When you're the new kid on a playground, you might be inclined to stand back and watch how the games are being played. This was not the case for Chef Daven Wardynski.

When he arrived at the Omni Amelia Island Plantation Resort a little over 3 years ago, he planted the seeds needed to incorporate more local products into the resort’s dining options – quite literally. In his previous role as Executive Chef at the Omni Chicago Hotel, Wardynski sourced locally as much as possible, which included the creation of a rooftop garden and support of a bee farm in the suburbs to provide honey to the hotel.

When the chef transitioned to Amelia Island years later and saw an idle greenhouse, formerly used to grow flowers on the resort’s property, he knew what his next undertaking would be. Appropriately named The Sprouting Project was born and includes an aquaponic greenhouse, an organic garden, beehives, event space and a smokehouse, all thoughtfully planned to maximize the output based on growing seasons in Northeast Florida.

“Although I grew up in a farm community in the Midwest, down here the growing season is very different, so I had to learn what to grow when in Florida,” said the chef. “In addition to herbs such as basil, rosemary, pineapple sage and mint, we also planted figs, blueberries, calamondins, raspberries, hot peppers, tomatoes and blackberries. I don’t want our garden to be one note. I want a variety of flavors that we can showcase on the menu.”

In the aquaponic greenhouse, there are lettuces and other plants, over 360 in each table, in various stages of the growing cycle. The frequent harvesting has demonstrated to management the return on investment is indeed leading to savings. In the woods behind the greenhouse, the beehives have already produced over 1400 pounds of honey. “Instead of a root cellar, I am building a barrel room so we can create barrel-aged honey and experiment with the flavors,” said the chef.

“Not only am I growing some of the food that we use in our restaurants – I am trying to produce food with a soul. I want to create an experience for our guests when they are out here for our farm-to-table dinners. There’s a reason why we used ground shells to cover the exterior walkways – it reminds me of shelling with my grandparents over on the Gulf.”

Within the tanks you’ll find blue gill, sunfish and bream, reminiscent of the fish Wardynski used to catch with his dad in his youth. And when the chef’s young daughters come visit him at work, he lets them help pick the lettuce and other produce. “I want them to have an understanding of where food comes from, and a similar connection that I had to the farm when I was growing up.”

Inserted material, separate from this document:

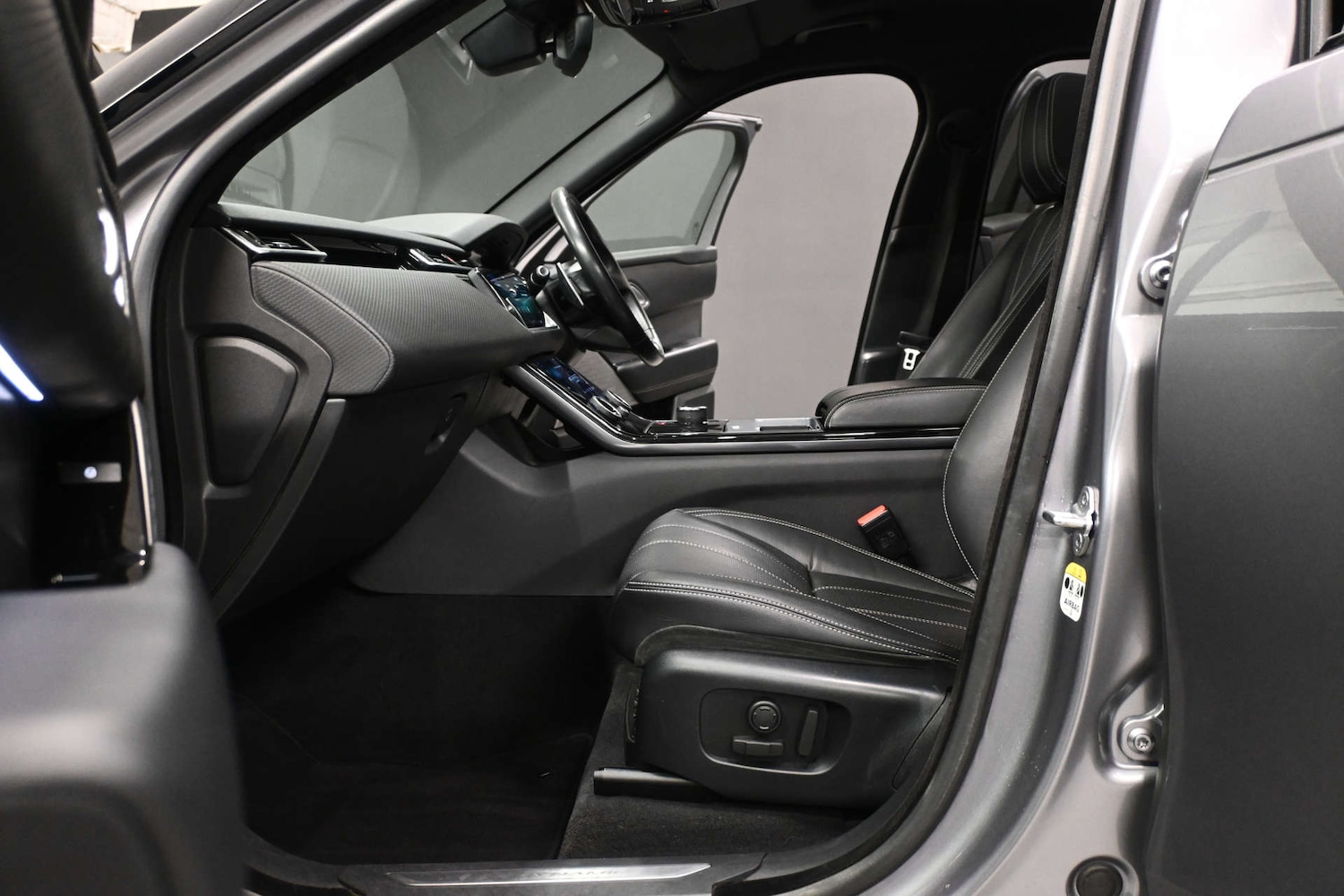 Used Land Rover Range Rover Velar 2020 for sale - 77370974: Photo 45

Monthly dinners take place at The Sprouting Project, allowing guests to get up close and personal with the chef's work in progress. What other ideas are germinating in Wardynski’s head? “I am always thinking about the next-next. Like goats and chickens, so we can have milk for cheese and eggs that are hyper-local,” said the chef. Somehow you get the feeling that, even though there is a lot of hard work involved, the games on this playground are only just beginning.